Even though comment #2 said to be careful on pricing, I can tell you from what I have to pay from any vendor I see in Japan that you will not be seeing blooming size plants under $100 anytime soon. Most likely, $100 to $1000 will still be the average. When he says large sums of money, that means $5000 to $100,000 because that is really what many rare varieties go for in Japan.


----------



## Heather (Oct 5, 2006)

I hope no one minds, I moved the most recent related posts over to this new thread. Seemed to make sense.


----------



## Jason Fischer (Oct 6, 2006)

By the way, when I said this:

"he ONLY person who says there is a mountain collected yellow neofinetia is the person selling them."
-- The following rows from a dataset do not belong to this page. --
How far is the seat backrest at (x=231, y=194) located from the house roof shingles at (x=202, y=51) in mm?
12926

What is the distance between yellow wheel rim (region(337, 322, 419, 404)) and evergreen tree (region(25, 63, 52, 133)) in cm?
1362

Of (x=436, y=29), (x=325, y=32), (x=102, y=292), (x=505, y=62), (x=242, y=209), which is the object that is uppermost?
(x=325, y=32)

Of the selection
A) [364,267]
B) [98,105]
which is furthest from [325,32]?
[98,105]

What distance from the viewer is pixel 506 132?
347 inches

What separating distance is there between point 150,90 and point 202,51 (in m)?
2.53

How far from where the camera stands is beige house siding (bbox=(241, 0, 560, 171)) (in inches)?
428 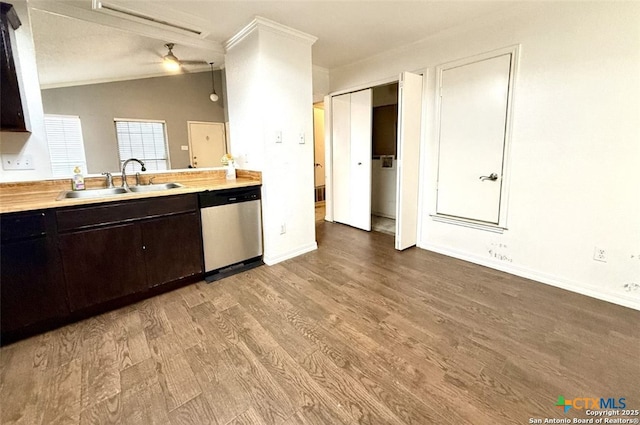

I did not mean Dr. Glenn Lehr, I meant the guy in Japan. Glenn is innocent


----------



## Drorchid (Oct 6, 2006)

Jason Fischer said:


> our own Dr. Robert Quene described the new phrag species braziliense which is still in major debate as to whether it really is a new species as there is a hybrid that looks _exactly_ like it, and I think even Robert agrees on this! Robert, your opinion?



I will post a new thread regarding Phrag. brasiliense

Robert


----------



## Heather (May 28, 2007)

Ok, so Ogonmaru is NOT a true species? Am I understanding correctly? 
I'm new here...


----------



## TADD (May 28, 2007)

O Boy, H you are in real trouble...


----------